▸ **What this task involves**:
Find "Pre Owned Louis" in the entries below; copy that line through the last, exactly, with no pictures.

▸ **Data supplied**:

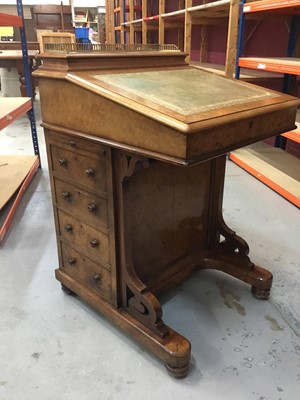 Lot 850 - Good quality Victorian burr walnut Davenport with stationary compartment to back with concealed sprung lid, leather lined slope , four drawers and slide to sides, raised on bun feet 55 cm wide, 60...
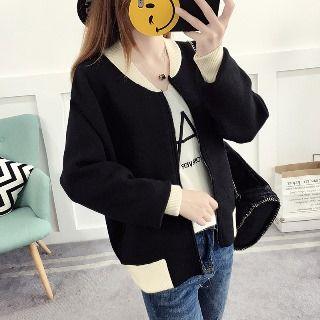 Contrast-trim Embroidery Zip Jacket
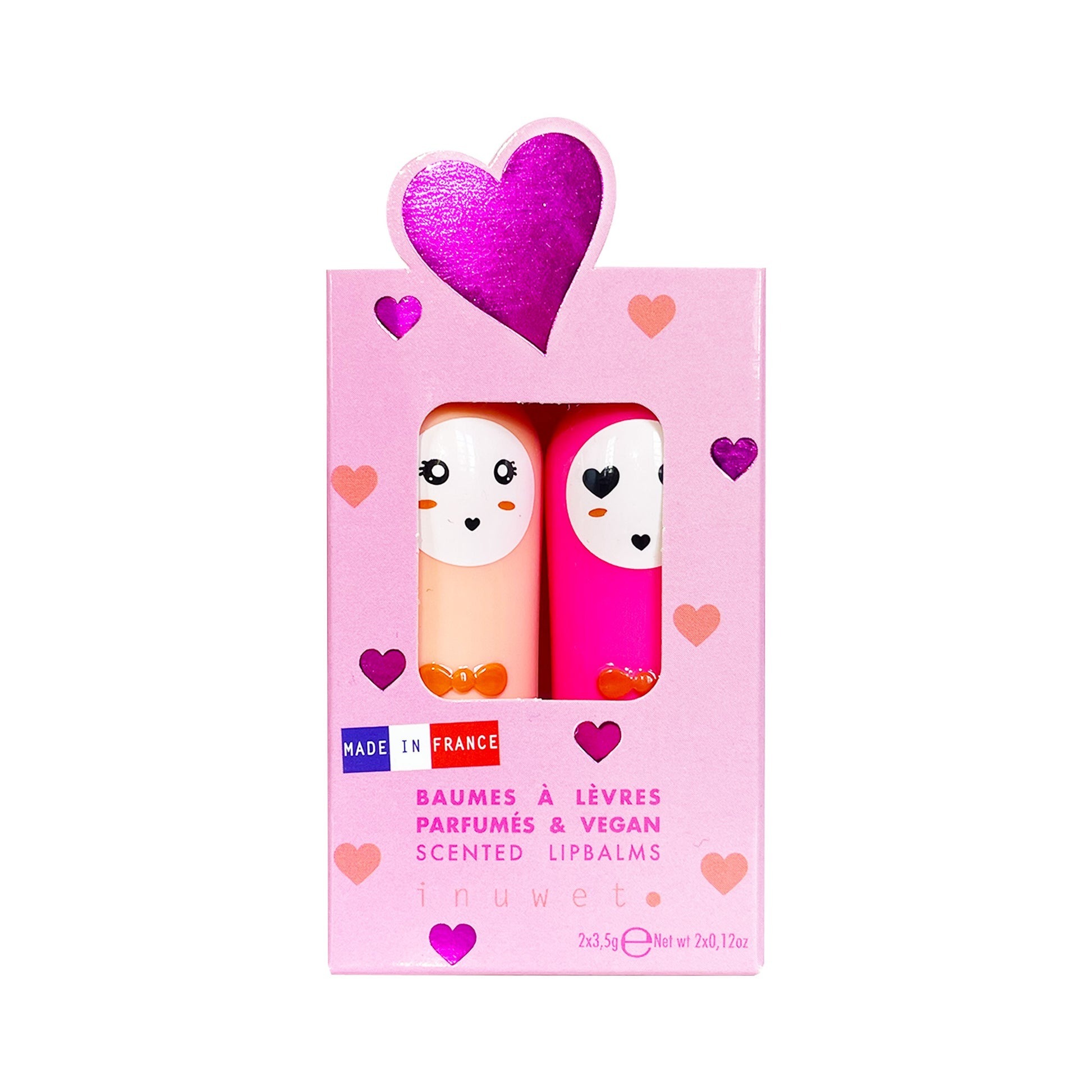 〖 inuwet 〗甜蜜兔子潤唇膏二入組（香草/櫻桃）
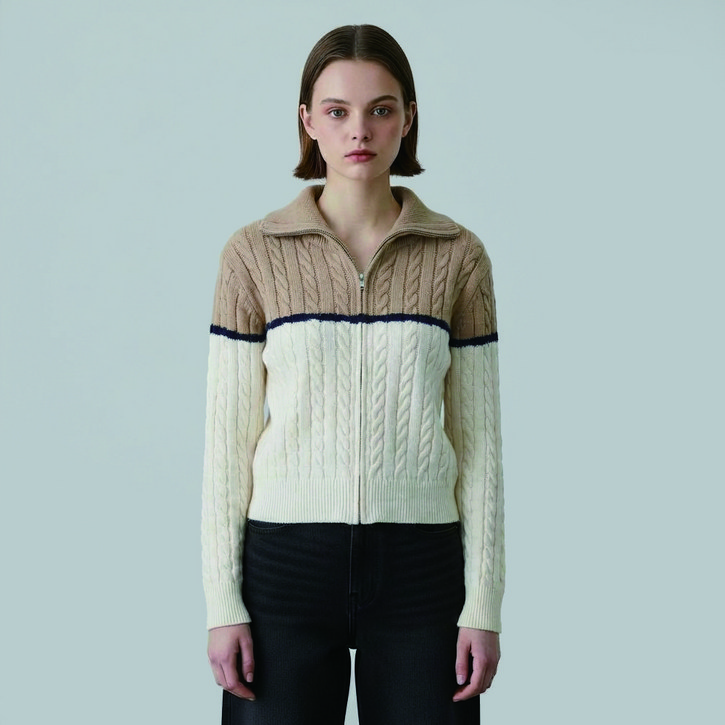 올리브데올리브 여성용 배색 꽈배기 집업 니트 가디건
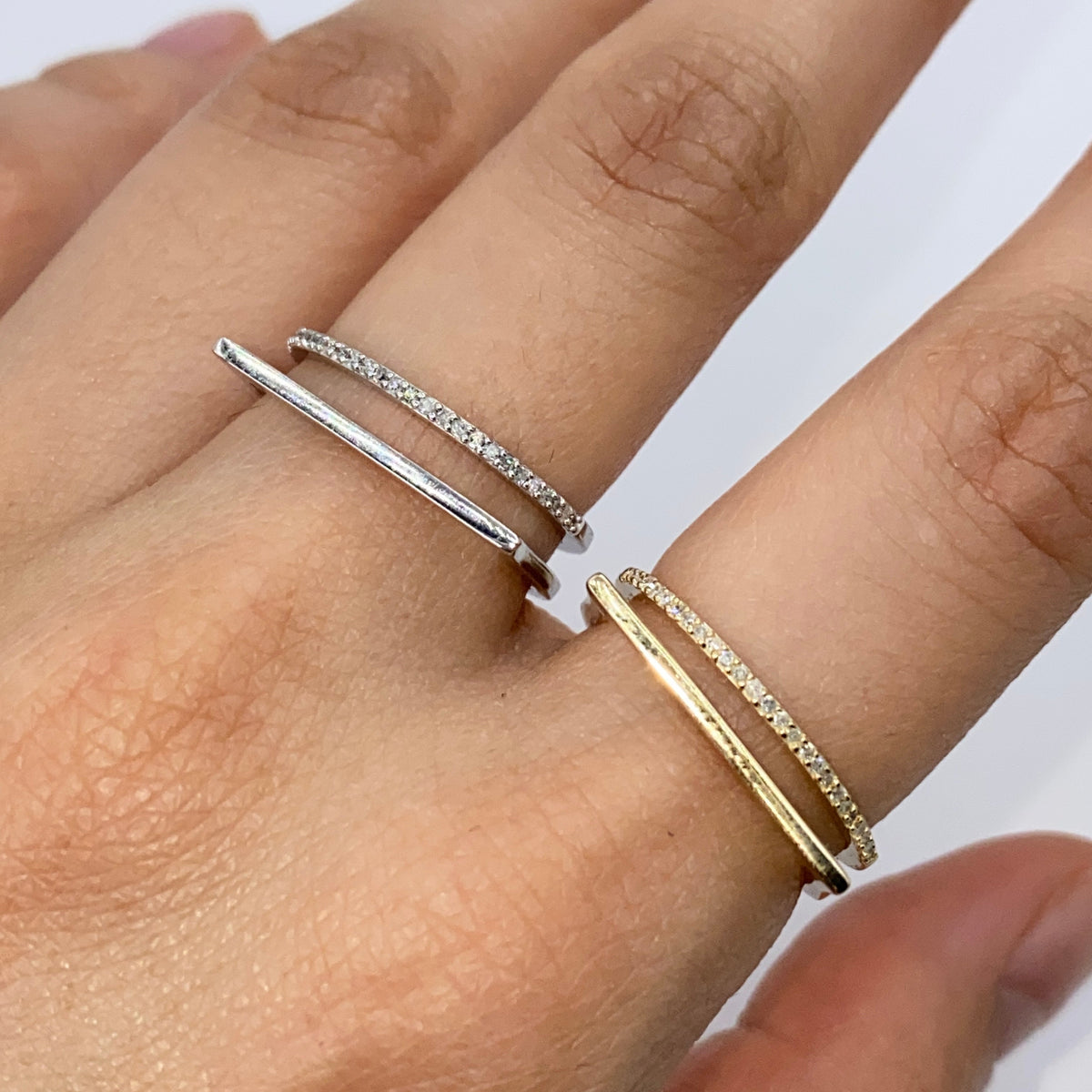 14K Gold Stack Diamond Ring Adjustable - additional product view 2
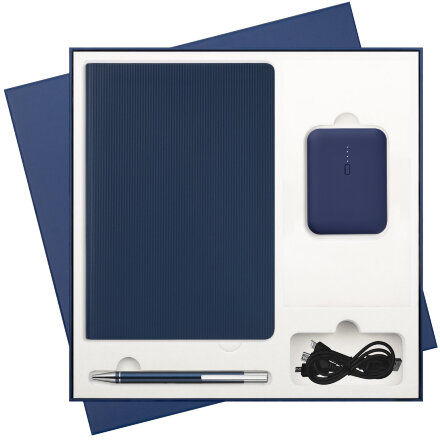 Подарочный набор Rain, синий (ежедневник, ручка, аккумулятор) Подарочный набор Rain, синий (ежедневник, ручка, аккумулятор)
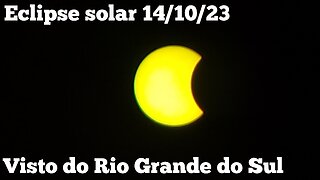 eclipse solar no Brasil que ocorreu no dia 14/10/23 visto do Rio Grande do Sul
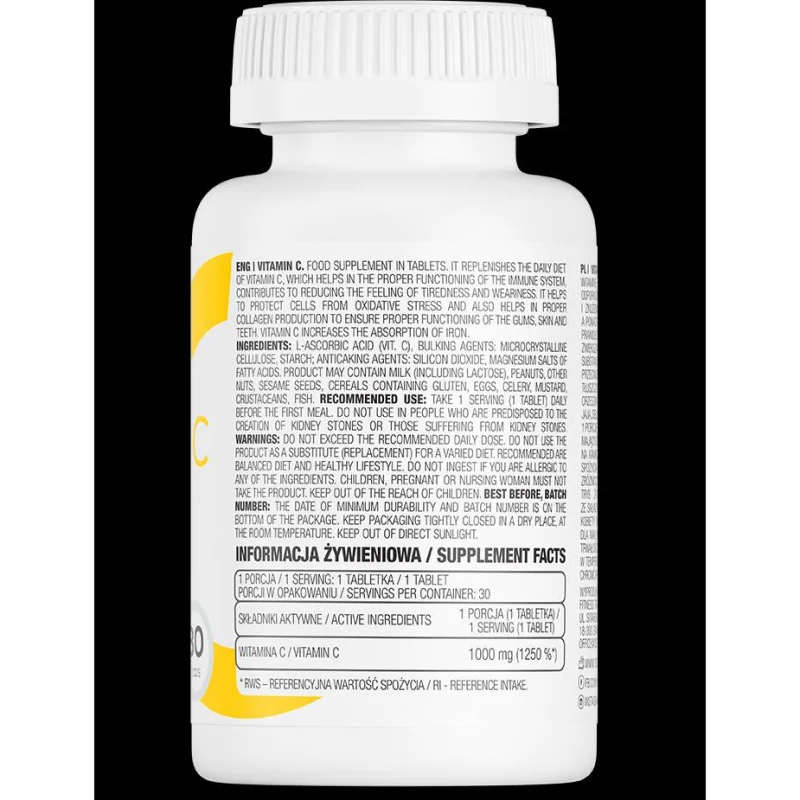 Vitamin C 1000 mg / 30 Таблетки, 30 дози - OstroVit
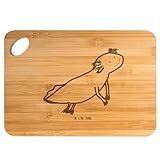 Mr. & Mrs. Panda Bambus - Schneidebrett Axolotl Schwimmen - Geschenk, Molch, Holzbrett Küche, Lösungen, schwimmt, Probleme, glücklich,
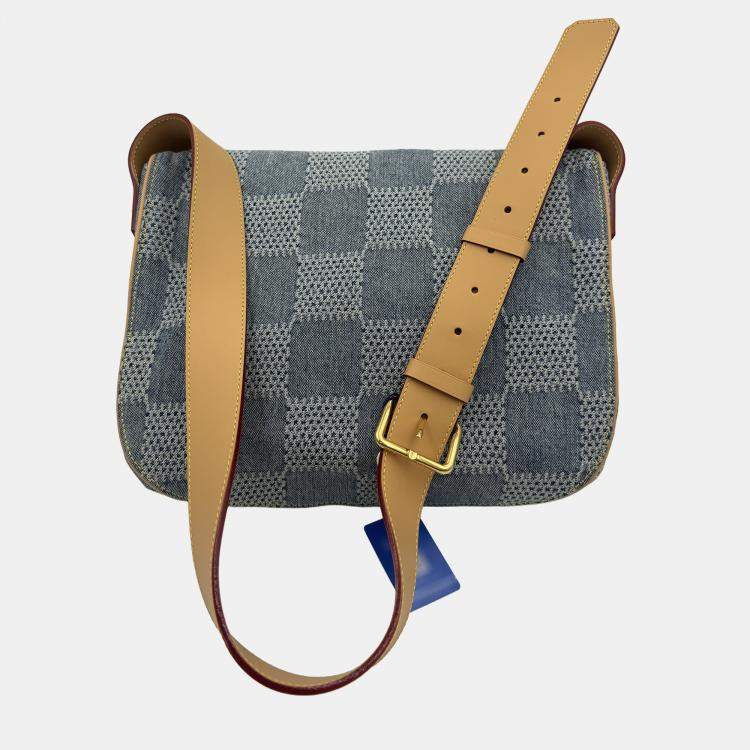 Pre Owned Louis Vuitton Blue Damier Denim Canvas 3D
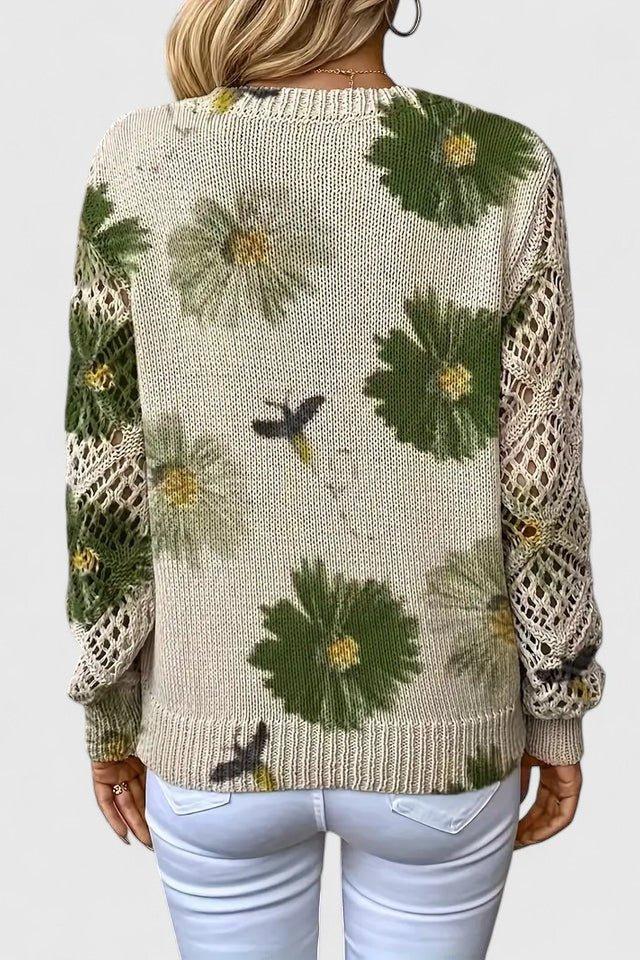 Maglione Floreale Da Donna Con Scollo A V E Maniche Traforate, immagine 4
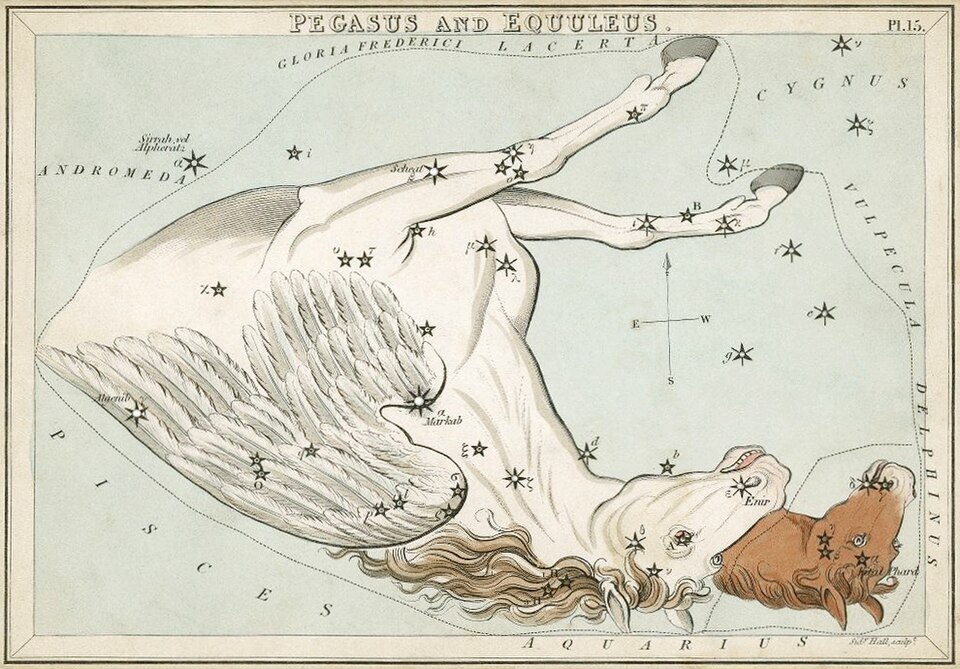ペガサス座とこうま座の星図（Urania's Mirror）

▸ **Response below**:
 Pre Owned Louis Vuitton Blue Damier Denim Canvas 3D
 Maglione Floreale Da Donna Con Scollo A V E Maniche Traforate, immagine 4
ペガサス座とこうま座の星図（Urania's Mirror）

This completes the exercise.